NEW YORK (TheStreet) -- Stocks trimmed losses by mid-afternoon Wednesday as energy companies rallied as crude oil traded above $50 a barrel. A mix of weak economic data and soft sales in March from Ford (F) and General Motors (GM), however, were keeping markets in the red.
The S&P 500 declined 0.57%, the Dow Jones Industrial Average fell 0.5%, and the Nasdaq was down 0.78%.
Crude oil prices were higher as the pace of oil added to U.S. inventories over the week decreased. Stockpiles added 4.8 million barrels over the week ended March 28, lower than 8.2 million the previous week. West Texas Intermediate was up 5.3% to $50.11 a barrel.
Also helping commodity markets, talks between Iran and six world powers, including the U.S., appeared to have stalled despite being extended past Tuesday's initial deadline. The negotiations have centered on Iran not building nuclear weapons in exchange for the lifting of economic sanctions.The removal of such restrictions would see Iranian oil added to an already-oversupplied global market.
Construction spending declined 0.1% to $967.2 billion in February, missing estimates for a 0.2% increase as harsh winter weather took its toll. The ISM Manufacturing Index for March fell short of its forecasts, slipping to a two-year low of 51.5 from 52.9 a month earlier.
The private sector in the U.S. added 189,000 jobs in March, according to the ADP Jobs report. Economists had expected 230,000 jobs to have been added over the month, increasing from 212,000 in February. The Labor Department's official jobs report will be released on Friday, though stock markets will be closed for the Good Friday holiday.
"I'm surprised that markets are surprised," said U.S. Bank Wealth Management's David Heidel in a call. "The weather in the Northeast is a temporary phenomenon, the port strike is another temporary phenomenon, but the strong dollar is not a temporary phenomenon and I'm surprised that growth expectations haven't been moderated already."
Ford shares fell 1.6% after the automaker saw U.S. sales in March drop 3.5% compared to an expected 4.3% decline. Retail sales added 1%, while fleet sales tanked 13%. General Motors dropped 2.2% as unit sales dropped 2.4%, compared to a forecast 0.1% increase.

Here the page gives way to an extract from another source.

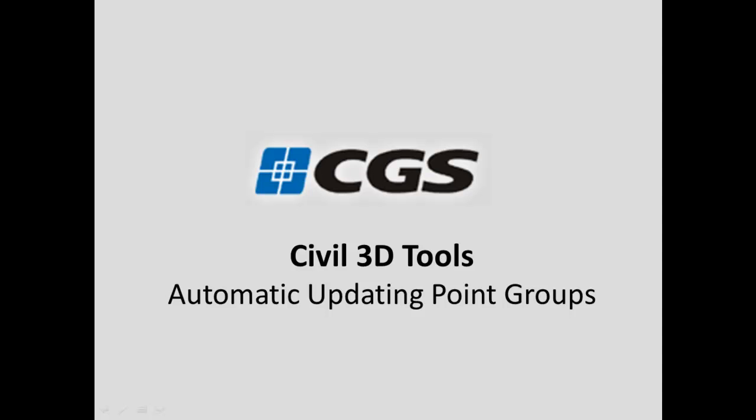In this short video I'll be talking about the automatic updates in the CGS Civil 3D tools, but in particular the automatic updating of point groups.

Toyota (TM) dropped 1% despite topping its rivals as March sales climbed 4.5%.
GoDaddy (GDDY) began trading on the New York Stock Exchange on Wednesday, climbing 30.8% to $26.16 after opening at $26.15. The Web hosting company's shares were priced at $20 each, raising approximately $460 million in the IPO. The float values the company at about $4.5 billion.
Online crafts store Etsy will shop its IPO around on Wednesday, offering 16.67 million shares in the hopes of raising around $267 million. The company plans to list on the Nasdaq under the ticker symbol 'ETSY'.
Sears (SHLD) moved 0.3% higher after entering into a real estate joint venture with General Growth Properties (GGP). Separately, Sears announced plans to sell some of its Sears and Kmart stores before leasing them back, a move that should raise $2.5 billion.
Agricultural company Monsanto (MON) added 3.7% despite missing second-quarter earnings and sales estimates. The company also lowered full-year profit forecasts as farmers sow less corn crop and the U.S. dollar undercuts foreign sales.
Amazon (AMZN) shares were on watch after the company unveiled Wi-Fi-connected technology called a Dash Button that allows invited participants to purchase products from stores such as Huggies and Gillette instantaneously.
Twitter (TWTR) jumped nearly 1% after being rated a new buy at Jefferies. The firm said it believes the company is a leader in the social media space with ample opportunity to benefit from growing online video and mobile advertising trends.